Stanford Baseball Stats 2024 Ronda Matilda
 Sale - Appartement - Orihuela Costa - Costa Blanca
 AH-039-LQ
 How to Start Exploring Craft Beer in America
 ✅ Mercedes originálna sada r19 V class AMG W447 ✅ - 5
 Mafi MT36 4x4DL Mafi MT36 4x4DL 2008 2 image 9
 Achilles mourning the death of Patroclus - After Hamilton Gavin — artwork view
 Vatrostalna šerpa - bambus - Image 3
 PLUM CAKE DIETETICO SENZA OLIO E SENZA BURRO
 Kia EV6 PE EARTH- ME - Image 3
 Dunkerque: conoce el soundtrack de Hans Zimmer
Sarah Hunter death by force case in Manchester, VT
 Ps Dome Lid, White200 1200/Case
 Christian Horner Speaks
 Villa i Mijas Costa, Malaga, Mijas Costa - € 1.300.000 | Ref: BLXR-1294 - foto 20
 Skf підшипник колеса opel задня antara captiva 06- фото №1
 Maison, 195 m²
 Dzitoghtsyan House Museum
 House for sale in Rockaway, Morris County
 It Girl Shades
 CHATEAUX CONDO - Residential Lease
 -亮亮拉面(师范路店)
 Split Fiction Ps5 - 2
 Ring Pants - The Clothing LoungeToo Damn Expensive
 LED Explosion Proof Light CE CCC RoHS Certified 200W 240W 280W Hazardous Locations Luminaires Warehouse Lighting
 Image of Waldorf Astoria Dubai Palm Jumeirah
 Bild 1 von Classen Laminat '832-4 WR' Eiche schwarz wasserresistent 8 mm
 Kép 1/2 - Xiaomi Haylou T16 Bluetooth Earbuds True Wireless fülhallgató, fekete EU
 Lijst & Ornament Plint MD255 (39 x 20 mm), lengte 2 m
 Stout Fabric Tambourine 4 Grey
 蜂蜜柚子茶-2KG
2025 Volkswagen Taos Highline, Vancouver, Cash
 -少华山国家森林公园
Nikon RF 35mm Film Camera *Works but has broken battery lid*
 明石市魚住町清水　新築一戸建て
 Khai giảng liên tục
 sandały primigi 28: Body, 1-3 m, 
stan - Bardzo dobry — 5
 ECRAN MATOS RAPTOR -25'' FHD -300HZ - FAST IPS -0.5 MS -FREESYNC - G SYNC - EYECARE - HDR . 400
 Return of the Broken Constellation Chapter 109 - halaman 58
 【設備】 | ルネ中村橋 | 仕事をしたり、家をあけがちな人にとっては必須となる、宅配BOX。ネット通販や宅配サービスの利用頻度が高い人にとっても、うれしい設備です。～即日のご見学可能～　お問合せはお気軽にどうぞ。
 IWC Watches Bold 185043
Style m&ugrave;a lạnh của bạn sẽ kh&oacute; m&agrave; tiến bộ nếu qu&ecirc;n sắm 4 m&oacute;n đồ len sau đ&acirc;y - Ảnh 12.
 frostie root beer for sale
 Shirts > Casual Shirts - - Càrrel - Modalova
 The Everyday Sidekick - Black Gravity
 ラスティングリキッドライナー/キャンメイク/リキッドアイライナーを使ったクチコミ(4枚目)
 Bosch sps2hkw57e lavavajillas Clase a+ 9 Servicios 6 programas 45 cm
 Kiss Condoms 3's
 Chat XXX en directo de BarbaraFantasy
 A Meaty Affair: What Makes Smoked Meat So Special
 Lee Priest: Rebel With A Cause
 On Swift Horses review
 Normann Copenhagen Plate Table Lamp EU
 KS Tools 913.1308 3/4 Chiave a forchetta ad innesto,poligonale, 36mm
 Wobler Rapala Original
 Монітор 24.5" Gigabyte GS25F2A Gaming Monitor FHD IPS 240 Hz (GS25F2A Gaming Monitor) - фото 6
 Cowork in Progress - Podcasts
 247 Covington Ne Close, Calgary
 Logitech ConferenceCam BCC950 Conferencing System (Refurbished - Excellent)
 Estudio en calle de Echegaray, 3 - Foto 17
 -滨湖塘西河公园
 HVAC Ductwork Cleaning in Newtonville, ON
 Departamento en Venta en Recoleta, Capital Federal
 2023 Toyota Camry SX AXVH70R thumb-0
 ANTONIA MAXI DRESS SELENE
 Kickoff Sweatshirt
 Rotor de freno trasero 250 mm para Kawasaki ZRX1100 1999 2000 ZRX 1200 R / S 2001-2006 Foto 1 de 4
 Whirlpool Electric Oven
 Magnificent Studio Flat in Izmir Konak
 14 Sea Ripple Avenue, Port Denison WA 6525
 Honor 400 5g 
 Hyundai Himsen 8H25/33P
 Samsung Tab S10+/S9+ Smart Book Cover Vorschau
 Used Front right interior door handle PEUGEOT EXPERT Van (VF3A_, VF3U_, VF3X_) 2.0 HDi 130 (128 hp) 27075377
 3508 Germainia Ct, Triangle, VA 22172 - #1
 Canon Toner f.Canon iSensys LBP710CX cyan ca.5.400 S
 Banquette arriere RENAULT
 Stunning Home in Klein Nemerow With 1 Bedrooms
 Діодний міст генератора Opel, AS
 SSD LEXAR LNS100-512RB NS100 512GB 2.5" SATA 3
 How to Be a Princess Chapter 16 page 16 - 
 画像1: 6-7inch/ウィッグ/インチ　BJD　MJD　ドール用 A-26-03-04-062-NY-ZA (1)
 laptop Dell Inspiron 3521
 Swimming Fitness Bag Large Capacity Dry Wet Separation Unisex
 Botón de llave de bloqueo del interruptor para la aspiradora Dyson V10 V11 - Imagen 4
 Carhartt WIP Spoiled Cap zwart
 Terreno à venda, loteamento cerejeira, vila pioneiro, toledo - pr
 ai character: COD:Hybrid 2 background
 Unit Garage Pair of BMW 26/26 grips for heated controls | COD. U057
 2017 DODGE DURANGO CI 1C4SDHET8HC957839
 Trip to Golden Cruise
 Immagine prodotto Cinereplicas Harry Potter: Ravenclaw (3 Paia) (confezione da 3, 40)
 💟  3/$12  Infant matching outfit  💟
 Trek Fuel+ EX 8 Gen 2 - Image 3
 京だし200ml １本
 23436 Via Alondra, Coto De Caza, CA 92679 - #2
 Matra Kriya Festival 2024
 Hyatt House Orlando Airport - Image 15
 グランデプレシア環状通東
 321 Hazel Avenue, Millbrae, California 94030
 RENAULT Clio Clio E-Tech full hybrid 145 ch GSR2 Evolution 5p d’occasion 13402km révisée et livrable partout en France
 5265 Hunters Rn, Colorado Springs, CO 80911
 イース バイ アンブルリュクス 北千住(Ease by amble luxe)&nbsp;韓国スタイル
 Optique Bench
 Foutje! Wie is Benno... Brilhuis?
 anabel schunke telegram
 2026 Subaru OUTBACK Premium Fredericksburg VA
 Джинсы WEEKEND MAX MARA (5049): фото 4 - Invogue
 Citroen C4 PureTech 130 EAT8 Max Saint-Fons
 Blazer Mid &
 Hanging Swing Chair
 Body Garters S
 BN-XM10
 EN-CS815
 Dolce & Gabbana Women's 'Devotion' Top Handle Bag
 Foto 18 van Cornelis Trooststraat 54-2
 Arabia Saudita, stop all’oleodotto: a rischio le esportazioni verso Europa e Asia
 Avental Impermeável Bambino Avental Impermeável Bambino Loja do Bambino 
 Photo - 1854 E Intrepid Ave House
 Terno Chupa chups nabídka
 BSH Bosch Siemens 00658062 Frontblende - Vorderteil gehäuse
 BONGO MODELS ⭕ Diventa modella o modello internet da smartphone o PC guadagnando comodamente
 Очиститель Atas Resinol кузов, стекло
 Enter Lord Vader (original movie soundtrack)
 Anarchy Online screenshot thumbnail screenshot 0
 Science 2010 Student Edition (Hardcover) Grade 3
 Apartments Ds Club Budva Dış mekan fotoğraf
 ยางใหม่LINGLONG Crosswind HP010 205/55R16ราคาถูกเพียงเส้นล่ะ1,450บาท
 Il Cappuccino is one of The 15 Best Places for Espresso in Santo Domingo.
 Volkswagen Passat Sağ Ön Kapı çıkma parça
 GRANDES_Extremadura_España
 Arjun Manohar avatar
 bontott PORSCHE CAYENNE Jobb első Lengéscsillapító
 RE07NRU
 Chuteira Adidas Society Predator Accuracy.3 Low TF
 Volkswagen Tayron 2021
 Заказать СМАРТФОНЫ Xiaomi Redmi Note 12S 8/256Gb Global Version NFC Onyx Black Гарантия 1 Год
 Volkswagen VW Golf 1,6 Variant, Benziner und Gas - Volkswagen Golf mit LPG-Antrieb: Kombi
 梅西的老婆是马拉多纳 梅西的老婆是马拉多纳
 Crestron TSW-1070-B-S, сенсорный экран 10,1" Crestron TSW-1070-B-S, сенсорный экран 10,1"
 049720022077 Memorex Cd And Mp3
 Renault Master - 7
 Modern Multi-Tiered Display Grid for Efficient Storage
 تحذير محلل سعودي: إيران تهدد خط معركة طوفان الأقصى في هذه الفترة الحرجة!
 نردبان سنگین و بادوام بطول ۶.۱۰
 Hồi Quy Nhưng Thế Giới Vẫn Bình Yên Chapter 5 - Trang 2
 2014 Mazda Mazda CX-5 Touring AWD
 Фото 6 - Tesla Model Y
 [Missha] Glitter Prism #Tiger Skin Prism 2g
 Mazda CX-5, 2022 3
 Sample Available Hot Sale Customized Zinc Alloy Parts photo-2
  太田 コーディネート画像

_WORK TO BE COMPLETED_:
From the records above, return each line that includes "Mazda".

_WRITTEN RESPONSE_:
 2014 Mazda Mazda CX-5 Touring AWD
 Mazda CX-5, 2022 3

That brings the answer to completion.